That said, the Patrick Kavanagh Centre located in his hometown of Inisheen is where you'll discover more about the man, considered one of the foremost poets of the 20th century.
Kavanagh, who was born in 1903, is credited with writing the novel “Tarry Flynn” and the poems, “Raglan Road” and “The Great Hunger,” among other works.
Both Tarry Flynn and The Great Hunger differed from how other Irish writers of the time were portraying Ireland.
Kavanagh’s works focused more on the misery of rural life and allowed the likes of Heaney, mentioned above, to later write about the ordinary lives of the Irish people.
Visitors to the center can also take the Kavanagh Trail, which begins there and makes its way through the village, down lanes, and over the fields.
One of the stopping points of interest along the trail is the Kavanagh homestead, the inspiration for Tarry Flynn, The Great Hunger, and one of his other well-known poems, “A Christmas Childhood,” retelling a magical Christmas that he experienced at the age of 6.

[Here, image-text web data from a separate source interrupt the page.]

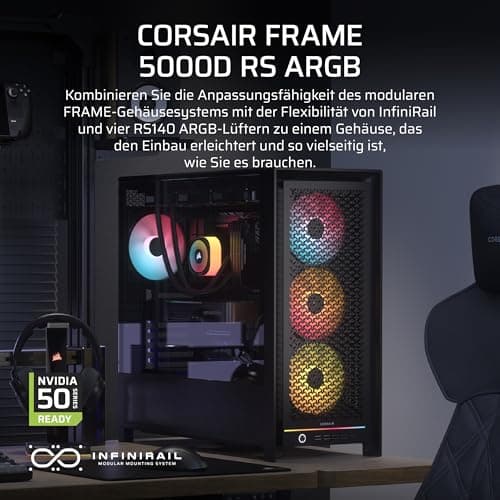 CORSAIR Frame 5000D RS ARGB Modulares Hohem Luftstrom Mid-Tower-PC-Gehäuse – 4X Vorinstallierte RS-Lüfter, InfiniRail-Lüfterbefestigungssystem, Kompatibel mit Reverse-Connector-Mainboards – Schwarz Bild 4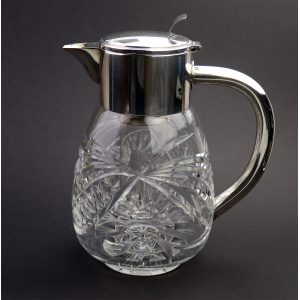A substantial WMF deep cut glass & silver plate Lemonade Jug & ice holder C.1935+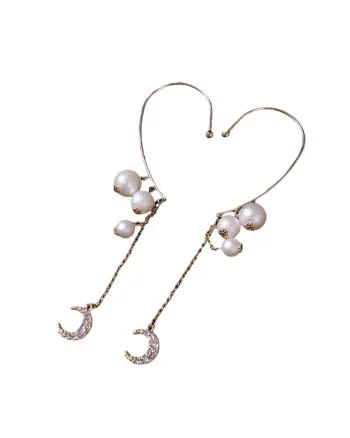 Cercei aurii, ear cuff, lungi, cu perle, Sissy C14,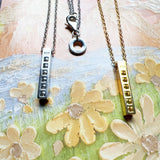 925 Sterling Silver Rectangle CZ Necklace - 2 Options - 2 Colours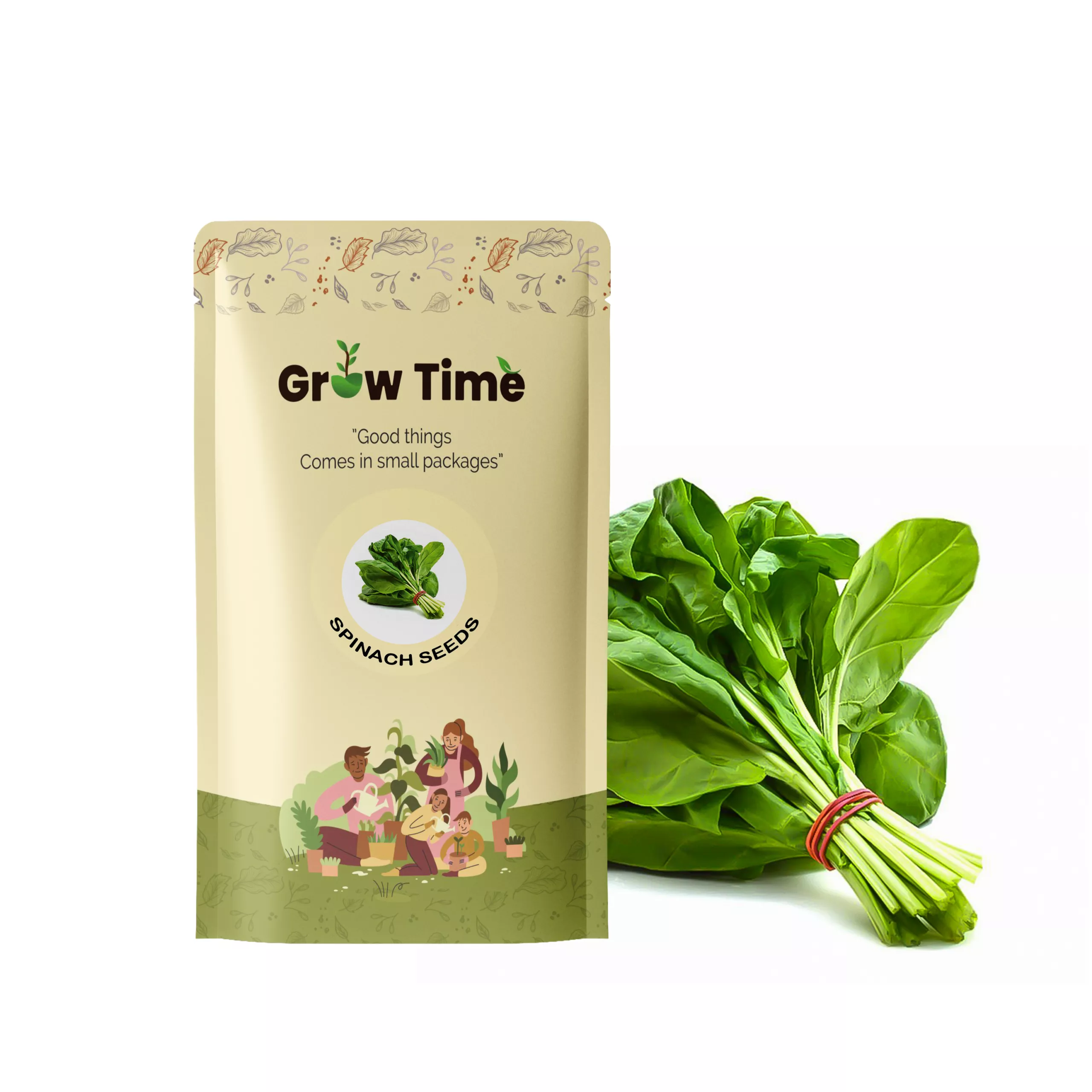 Growtime Spinach (Palak) Vegetable Seeds for Home Gardening & Kitchen Pack of 10g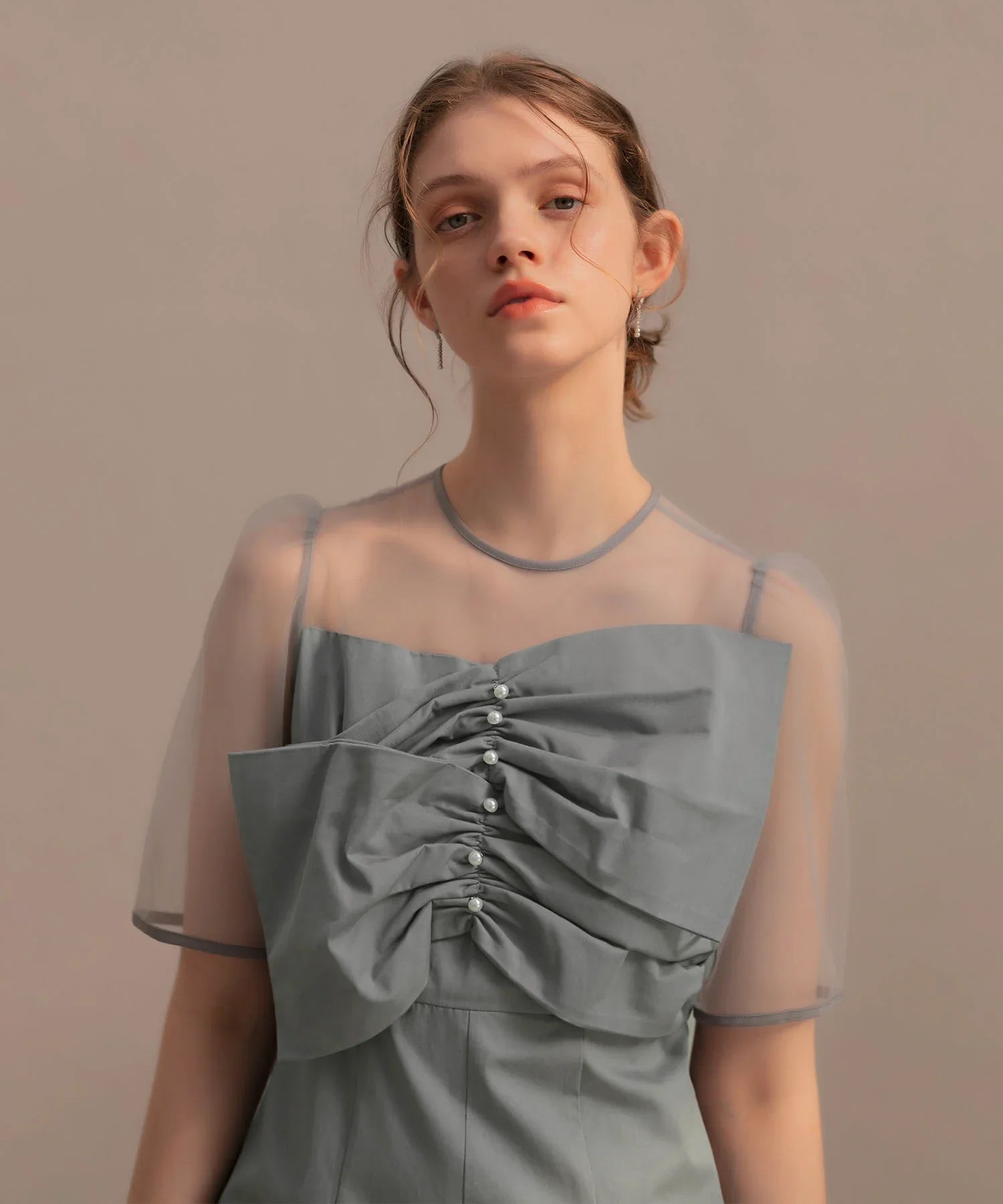 【当日発送】フロントプリーツシアースリーブIラインワンピースドレス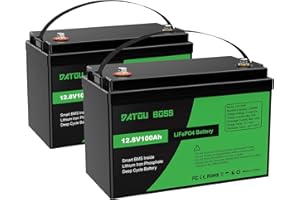 DATOUBOSS 12V 100Ah LiFePO4 Lithium Battery, 1280Wh Deep Cycle Rechargeable Battery, Built-in 100A BMS, 15000+ Cycles, Support in Series/Parallel, for RV, Campervan, Solar, Boat, Off-Grid System, 2pcs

Brendan Behan, The Royal Canal, Dublin
Along the banks of the Royal Canal in Dublin you'll find the Brendan Behan Plaque just off Dorset Street.
Behan was a staunch Irish Republican, a poet, short story writer, novelist, and playwright who wrote in both the English and Irish language. He is considered one of the greatest Irish writers and poets of all time.
The statue of him is located close to Mountjoy Jail where Behan spent close to four years for the attempted murder of two policemen in Dublin.
He was no stranger to incarceration having previously spent several years at a borstal prison in England where he wrote his autobiographical work, “Borstal Boy.”
It is among his greatest literary achievements. His other works included “The Quare Fellow” and “The Hostage.”
A heavy drinker, Behan died at the age of 41.
The Royal Canal was built in 1790 for freight and passenger transportation.
In its heyday during the mid-1800s (and at the height of the Famine), close to 50,000 people used the boats on the canal, with more than 100,000 tons of goods transported up and down the canal as well.
Outside of Dublin, you can enjoy the canal by cycling or walking on the pathway parallel to it known as The Royal Canal Greenway.
The National Famine Way trail can also be found along the canal.
See Dublin's Museums with the Dublin Pass
John Millington Synge, Teach Synge, Inishmaan, Aran Islands, Co. Galway
If you find yourself on Inishmaan, one of the Aran Islands off the coast of Co. Galway, be sure to visit Teach Synge (pronounced “Tchok Sing”), a restored 300-year-old cottage.
That is where the Irish playwright John Millington Synge spent much of his time writing about the lives of the local people.
Synge, who also was a poet, prose writer, travel writer, and collector of folklore, was a key figure in what was known as the Irish Literary Revival.
He was also one of the co-founders of the Abbey Theatre in Dublin.
Today, the cottage has been restored and is a museum to the life and work of the celebrated writer.
While Synge came from the Protestant upper classes, he wrote mostly about the world of the Catholic peasants in rural Ireland.
His most famous works include “Riders to the Sea,” proclaimed as one of the finest one-act tragedies of the 20th century, and “The Playboy of the Western World,” a masterful drama.
You’ll see an array of Synge memorabilia, including photographs, drawings, and letters. A converted stone outhouse holds a small reference library by and about Synge, as well as Yeats and Lady Augusta Gregory, the Irish dramatist, folklorist, and theater manager.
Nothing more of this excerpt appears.